Hi everyone
Unfortunately ive found myself having to join in here...utterly devastated but i figure this will be the best place to be over the next while.
It took us almost a year to conceive and i fell pregnant in March 2015....we were delighted but it wasnt to be after a bleed at 5-6 weeks my hcg levels began to drop and that was it.
Then at beginning of July we found out i was pregnant again....so happy that we got pregnant so quickly again and crossed our fingers that all would be ok.
Unfortunately not and its been quite a traumatic experience this time around.
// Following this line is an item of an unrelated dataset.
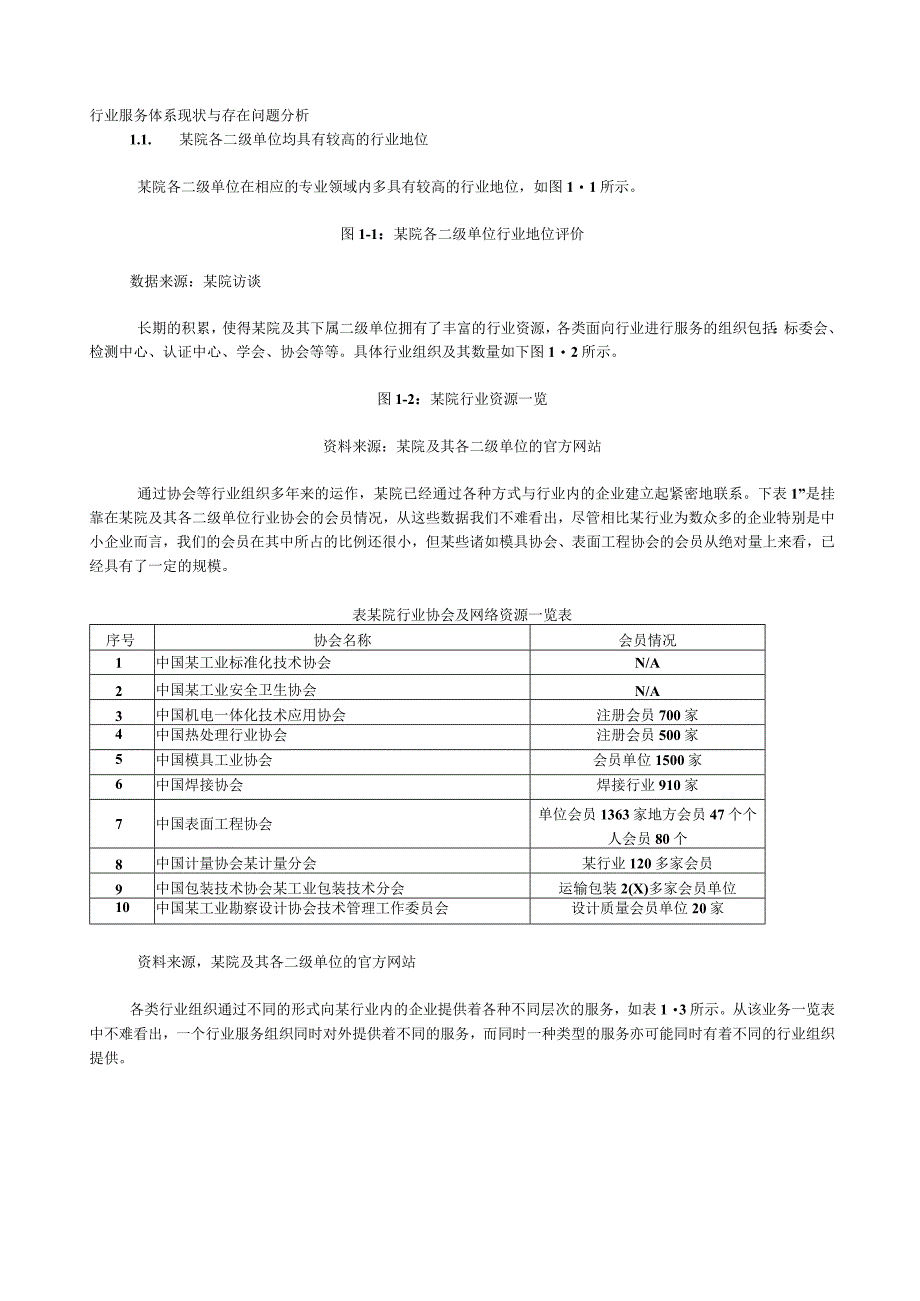 集团行业服务体系战略定位分析报告资料.docx_第2页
I had hcg levels taken from the start which had not completely doubled but almost and the doctors seemed to think they were rising normally. Last wed i started to bleed so i went to a&e where i had a scan and they seen a sac in the uterus but my hcg levels had only doubled in a whole week by then they said i would likely miscarry and to return in 2 days and they would check my levels were dropping.
I started to get severe pain on one side...excruitiating pain and was admitted to hospital after lots of scans and bloods they decided it was most certainly ectopic and i was rushed to theatre ...and they found nothing...everything looked fine and sent me home to see what would happen.
Today ive passed the sac myself 
I really dont know how i can move on from this. We are very lucky to have a beautiful child and i feel so guilty when theres ladies out there struggling who dont even have this but i just cant get another baby out of my head.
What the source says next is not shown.